Um projeto de lei foi reintroduzido no Congresso americano em uma tentativa de evitar o colapso iminente do sistema de previdência social do país. Batizado de Social Security 2100 Act, o plano propõe um aumento de 2% nos benefícios para cerca de 71 milhões de americanos e uma mudança temporária no cálculo dos reajustes anuais, para refletir melhor a inflação sentida pelos idosos.

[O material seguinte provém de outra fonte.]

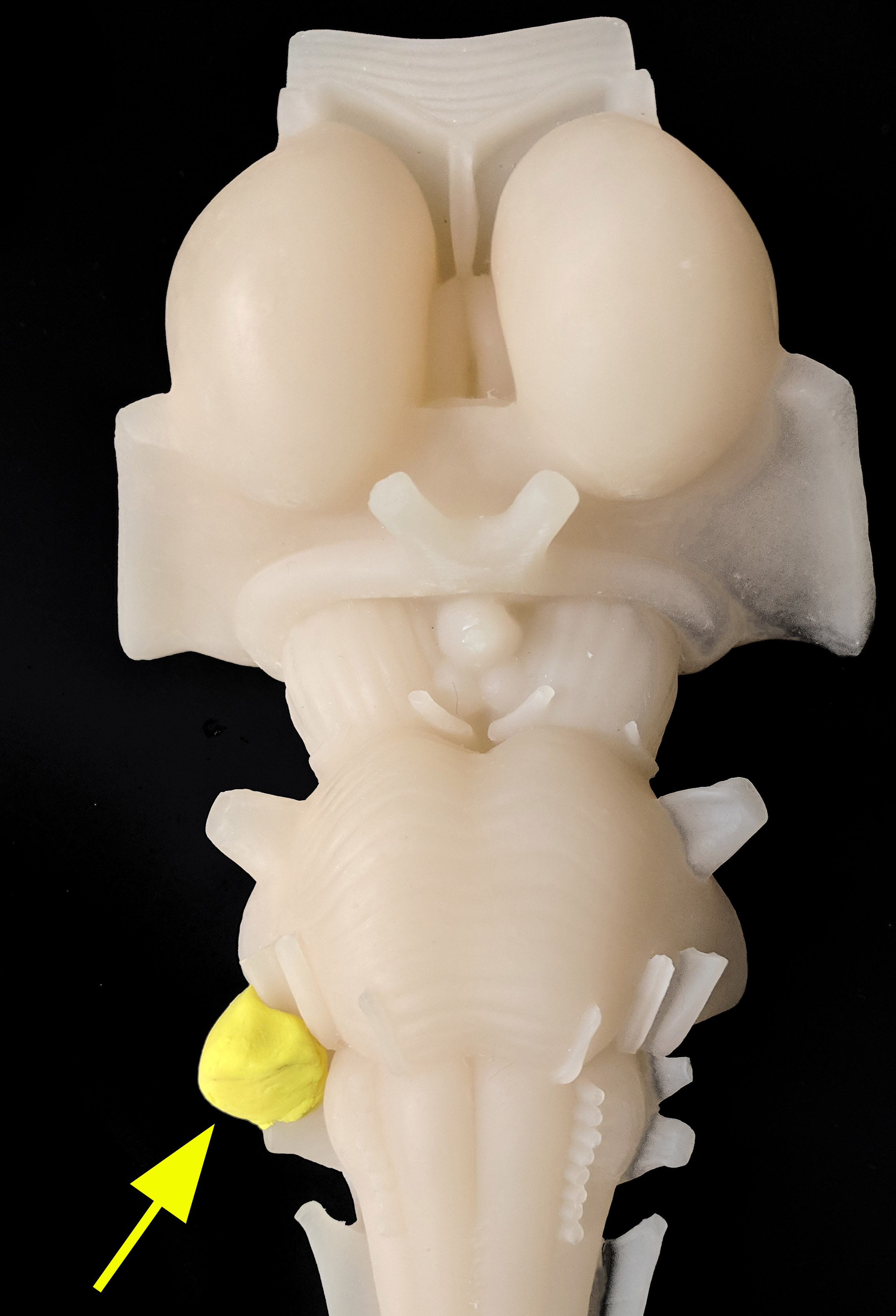 Location of an acoustic neuroma on a brain-stem model.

A conta, no entanto, seria paga com um aumento no imposto sobre a folha de pagamento, que passaria a incidir também sobre rendas anuais acima de US$ 400 mil. Segundo uma reportagem da Fast Company, a proposta tem como objetivo principal estender a vida útil do fundo fiduciário do sistema, cuja insolvência é projetada para ocorrer já na próxima década, entre 2032 e 2035. O problema é que, politicamente, a proposta já nasceu morta.

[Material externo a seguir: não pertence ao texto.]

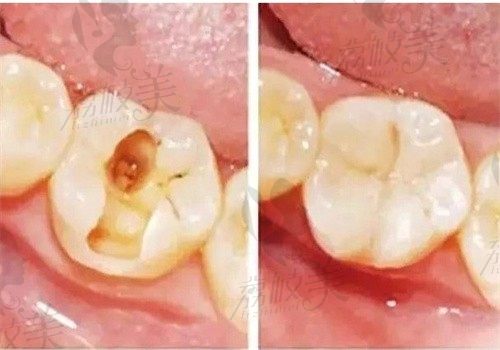 乐山启辰口腔医院是正规的吗？资质齐全很正规而且看牙价格不贵性价比高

Um esparadrapo para a hemorragia

A matemática por trás da crise é implacável. O fundo que garante as aposentadorias e pensões nos EUA está projetado para se esgotar em menos de uma década, segundo projeções dos próprios administradores do sistema e de modelos como o da Penn Wharton Budget Model. Se nada for feito, os benefícios teriam que ser cortados drasticamente. A proposta em debate busca adiar esse precipício por mais 32 anos.

O cerne do projeto é recalibrar tanto as receitas quanto as despesas. Do lado dos gastos, o ajuste de custo de vida (conhecido pela sigla COLA) passaria a usar um índice de preços focado na cesta de consumo dos idosos (CPI-E), que captura de forma mais precisa os custos crescentes com saúde e moradia. Do lado da arrecadação, a taxação de salários mais altos garantiria o fluxo de caixa necessário para sustentar o sistema por mais tempo.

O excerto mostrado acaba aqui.